I just finished reading Jennifer Aniston’s article For The Record and it made me want to stand up and clap. Jennifer’s fed up y’all. And honestly, most of us are or should be. Fed up with what you ask? The media’s portrayal of women. Rather than go into a lengthy diatribe, I’ll just highlight three things that irk me the most where this issue is concerned.
No matter our accomplishments as women, what people (i.e., the media, men, women–yes, we do it to one another too) want to know about are our physical attributes, our marital status, and our maternal status. Our role and contributions are boiled down to these three things that supposedly define us for our entire existence.

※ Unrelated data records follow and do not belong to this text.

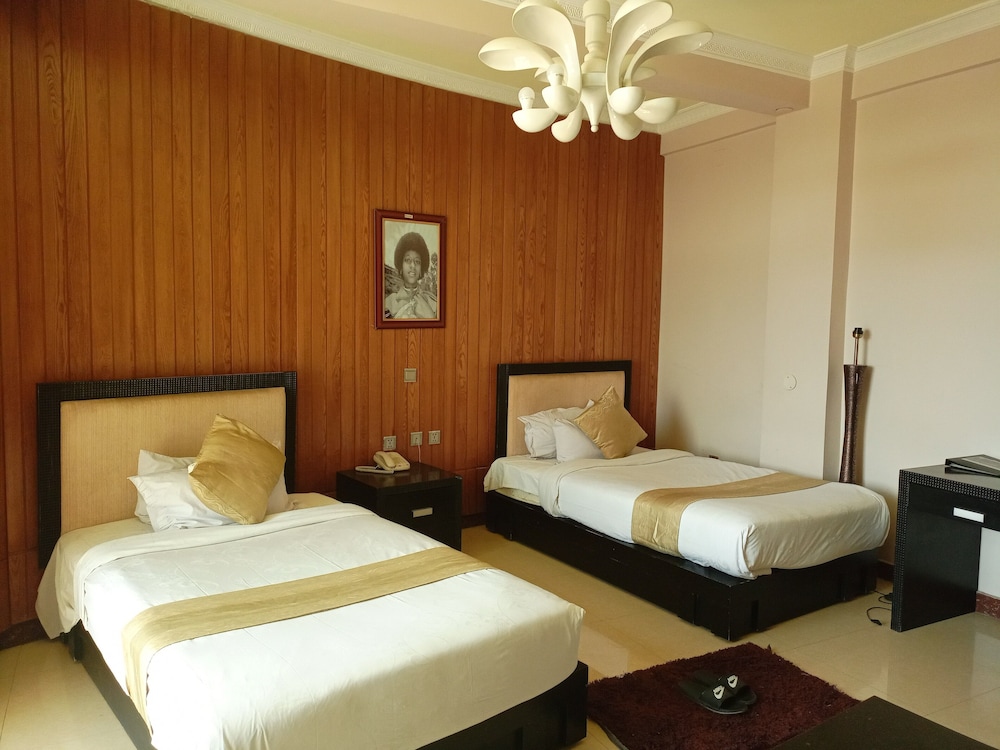 Deluxe Double or Twin Room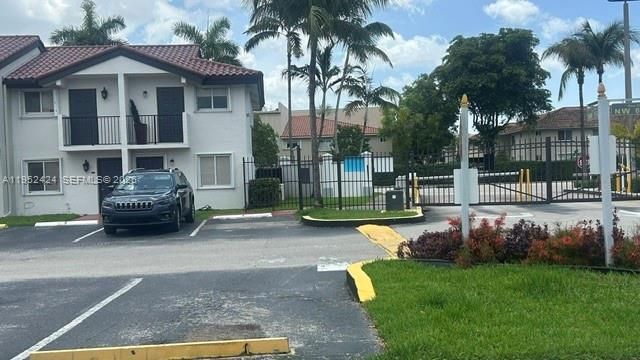560 NW 82nd Pl, Unit 306, Miami, FL 33126 Photo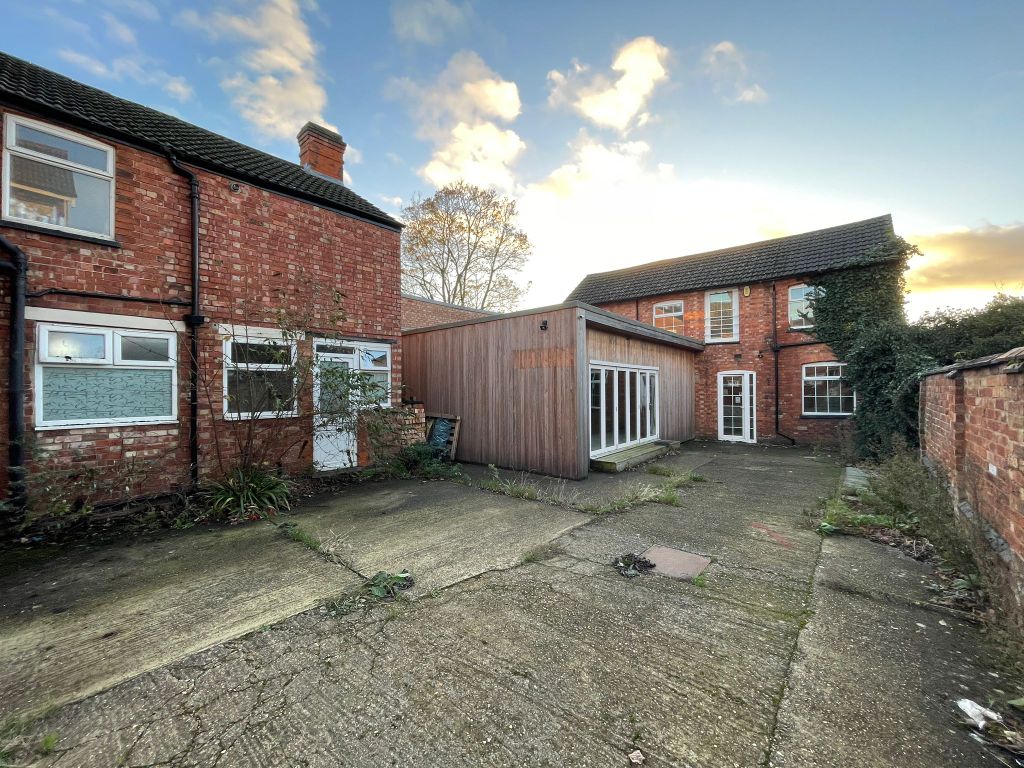 Property photo 1 of 10 Front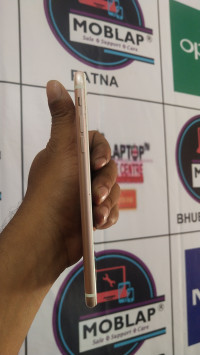 Apple  iPhone7 128GB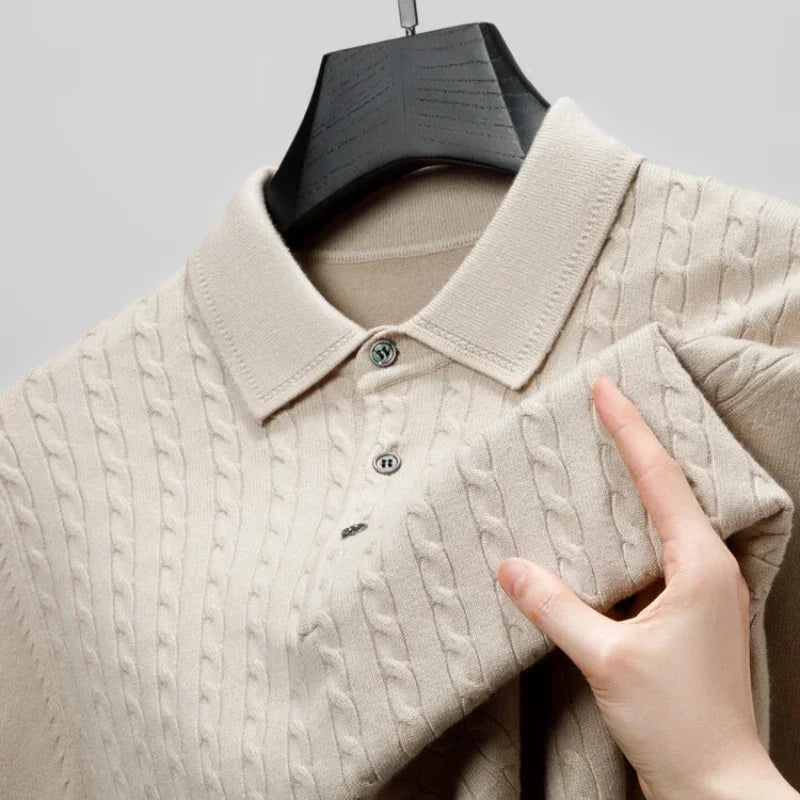 camisa polo masculina bege em tricot texturizado estilo old money com padrão trançado exibida em cabide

Let’s break this down a bit, okay
Let me tell you something, as a kid I thought I wasn’t beautiful unless I had long hair so I was often found running around with a towel over my head so I could pretend my hair was flowing down my back. As a young adult I was obsessed with my weight and body shape. It’s taken me a long time to get comfortable in my body and appreciate it. So the screaming headlines on magazines “**insert public figure** loses 50 pounds, find out how she did it!” or “**insert public figure** gains 50 pounds, a look inside their troubled world” and lastly, “**insert public figure** spotted out and about looking frail, close friends say they’re worried” irritate me to no end. As a child, the images I saw on magazines and television shaped my idea of beauty.
2. Relationship status
Again, no matter what goals you’ve achieved as a woman, one of the first things people often want to know is “are you married”. As if any of your achievements must either be because a) a significant other was there to offer support (financial, emotional, etc.) or b) you were single and didn’t have responsibilities (i.e., husband, children, etc.) which meant you had time on your hands to accomplish said goals.
3. Maternal status
A close second to the question “are you married” is “do you have children”. Now, I happen to have neither so I think that stumps most people when they ask. After all, these questions are like threads designed to expose commonalities between people, right? It’s as if there are no other intersecting points of interest between individuals if you don’t answer yes to either of these questions. If we’re a sum of our experiences then shouldn’t we try harder to connect on levels that extend past these two subjects?
We live in a culture that objectifies and scrutinizes women.
What do you think of what Jennifer had to say? Do you think women are scrutinized in ways that men are not?